__What you should do__:
Except for the pictures, output the records in full and exactly.
++++ Data section ++++
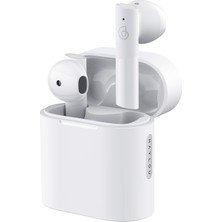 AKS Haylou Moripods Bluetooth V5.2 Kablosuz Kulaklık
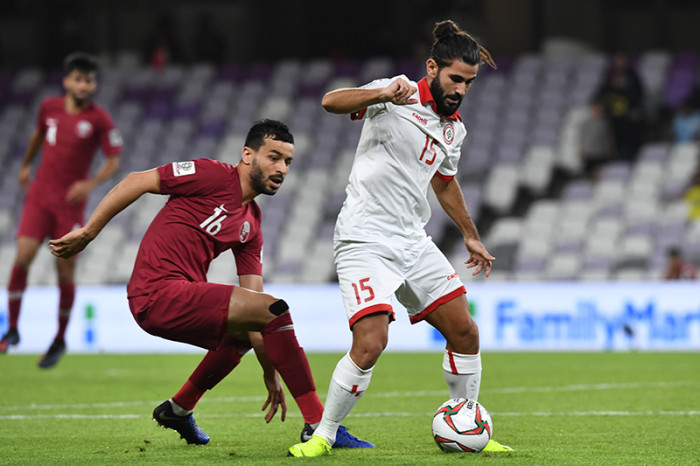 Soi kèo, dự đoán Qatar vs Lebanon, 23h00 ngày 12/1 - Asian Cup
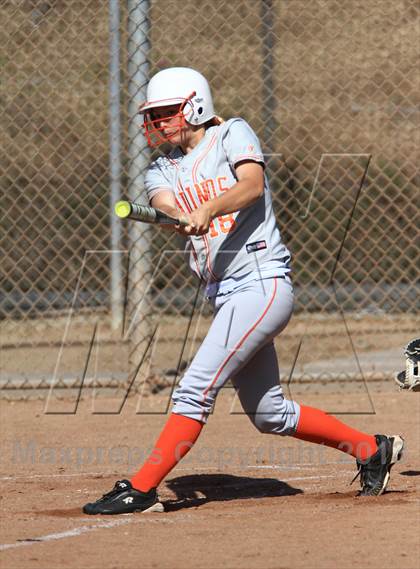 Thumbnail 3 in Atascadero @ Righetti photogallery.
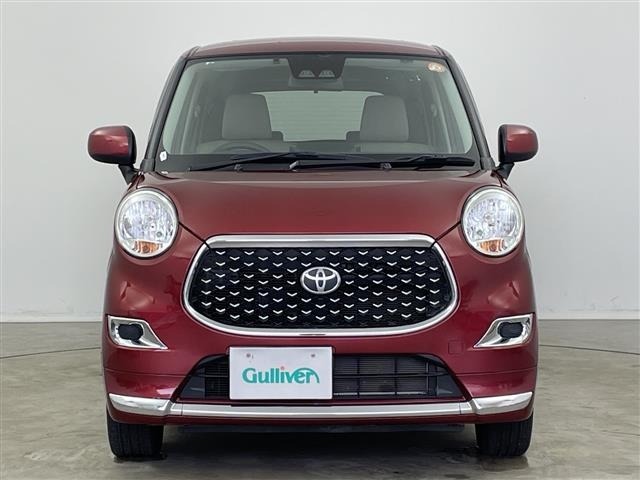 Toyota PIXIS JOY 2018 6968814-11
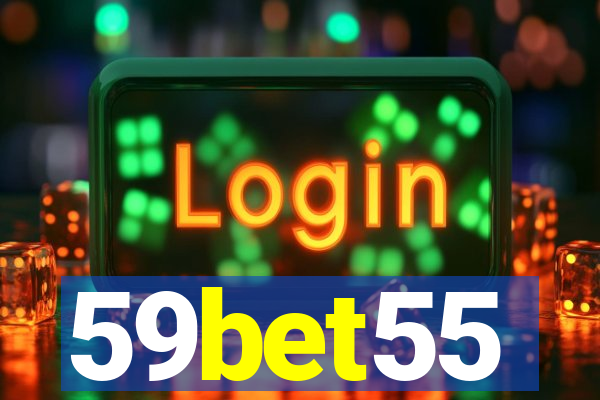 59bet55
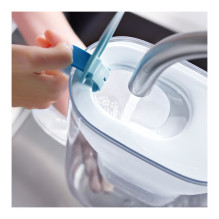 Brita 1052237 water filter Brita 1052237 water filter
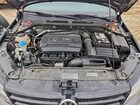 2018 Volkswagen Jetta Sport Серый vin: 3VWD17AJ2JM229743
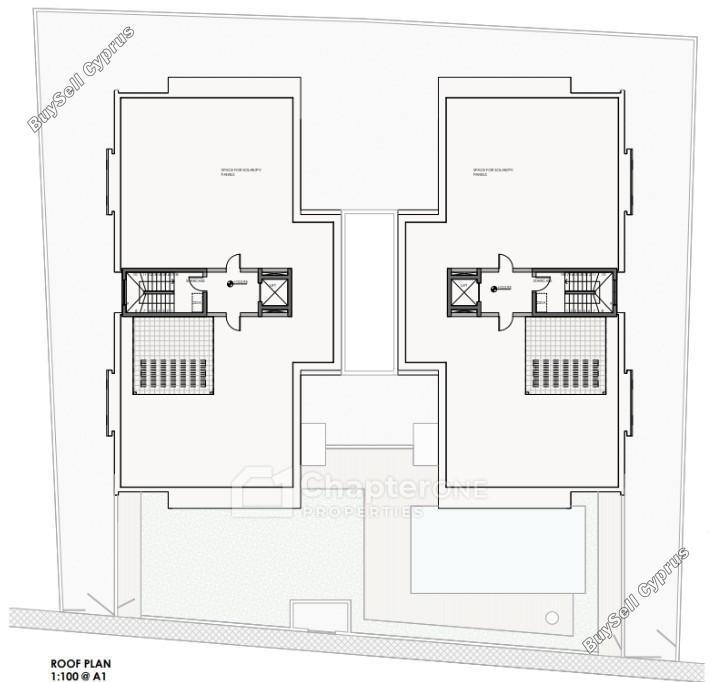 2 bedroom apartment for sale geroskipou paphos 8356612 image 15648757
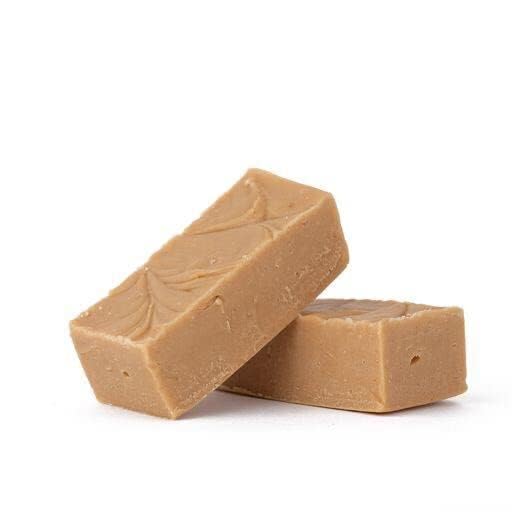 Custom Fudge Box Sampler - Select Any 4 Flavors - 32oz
++++
__Result__:
 AKS Haylou Moripods Bluetooth V5.2 Kablosuz Kulaklık
 Soi kèo, dự đoán Qatar vs Lebanon, 23h00 ngày 12/1 - Asian Cup
 Thumbnail 3 in Atascadero @ Righetti photogallery.
 Toyota PIXIS JOY 2018 6968814-11
 59bet55
 Brita 1052237 water filter Brita 1052237 water filter
 2018 Volkswagen Jetta Sport Серый vin: 3VWD17AJ2JM229743
 2 bedroom apartment for sale geroskipou paphos 8356612 image 15648757
 Custom Fudge Box Sampler - Select Any 4 Flavors - 32oz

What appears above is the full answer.